Açıklamada, barışın ve adaletin tesisi için hukuki süreçlerin adil işletilmesi ve toplumun tüm kesimlerinin taleplerinin dikkate alınması gerektiği vurgulandı.
Adıyaman, Ağrı, Batman, Bingöl, Bitlis, Dersim, Diyarbakır, Hakkari, Iğdır, Kars, Muş, Siirt, Şanlıurfa, Şırnak ve Van barolarının imzaladığı ortak açıklamada, “Yarım asra yakındır silahların yakıcı etkisi altında olan Kürt meselesinde, silahların devreden çıkartılması ve demokratik siyaseti vurgulayan tarihi çağrıyı yaşamsal önemde bulduğumuzu ifade etmek isteriz” denildi.
Açıklamada, Kürt meselesinin yalnızca siyasi değil, sosyal, ekonomik ve insan hakları boyutlarıyla toplumsal barışı doğrudan etkileyen çok yönlü bir sorun olduğu belirtildi. Bu meselenin çözümü için politik aktörlerin barışçıl ve çözüm odaklı diyalog mekanizmalarını güçlendirmesi ve demokratik siyasetin öncelik haline getirilmesinin büyük önem taşıdığına dikkat çekildi. Ayrıca, barış ve adaletin teminatı olan hukukun devreye girmesi ve toplumsal güven katmanlarının oluşmasının kalıcı barışın tesisinde kritik bir rol oynadığı ifade edildi.

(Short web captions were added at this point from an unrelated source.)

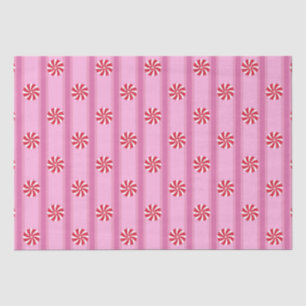 Leuk en Fancy Roze Kerst Peppermint Snoep Tissuepapier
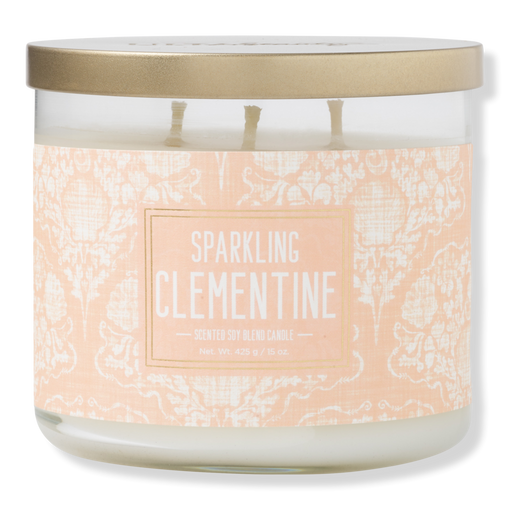 A ulta Sparkling Clementine Scented Soy Blend Candle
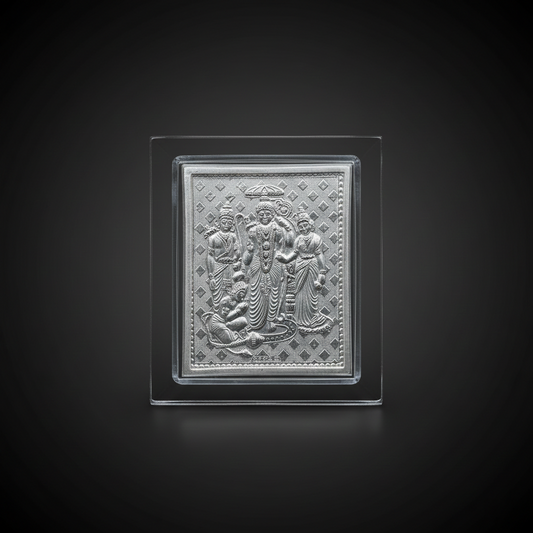 Shri Ram Darbar Silver Frame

Barolar, toplumsal barışın kalıcı hale gelmesinin ancak toplumun tüm kesimlerinin hak ve taleplerini kapsayan hukuki düzenlemelerle mümkün olacağını vurguladı. Bu düzenlemelerin, adil bir toplumsal uzlaşı için zemin hazırlayacağı ve Kürt meselesinin hukuki bir çerçevede tartışılmasına olanak tanıyacağı belirtildi.
Açıklamada, bu süreçte baroların bağımsız, tarafsız ve hak temelli duruşlarıyla sürece dahil edilmesi gerektiğine inanıldığı ifade edildi. Baroların, hukukun üstünlüğünü savunarak, temel hak ve özgürlüklerin kapsayıcı yönlerini esas alarak toplumsal barış sürecine rehberlik edebilecek en önemli kurumlardan biri olduğu vurgulandı. Demokratik ilkeler çerçevesinde, insan haklarına dayalı çözüm yollarının güçlendirilmesi için baroların kurumsal birikimi ve deneyiminin sürece katkı sunacağı kaydedildi.
Bölge baroları olarak, toplumsal barışın sağlanması, insan haklarının korunması ve adil bir toplumsal düzenin sağlanması konusunda üzerlerine düşen sorumluluğun bilincinde olduklarını belirten barolar, barış ve adaletin hakim olduğu bir gelecek için hukuki süreçlerin adil işletilmesi ve toplumun tüm kesimlerinin taleplerinin dikkate alınması gerektiğini bir kez daha vurguladılar.
Ortak açıklamada son olarak, toplumsal barışın sağlanması ve temel hak ve hürriyetlerin korunması adına yürütülecek her türlü çabaya ortak akıl ve dayanışma ruhuyla katkı sunmaya hazır oldukları kamuoyuna saygıyla duyuruldu.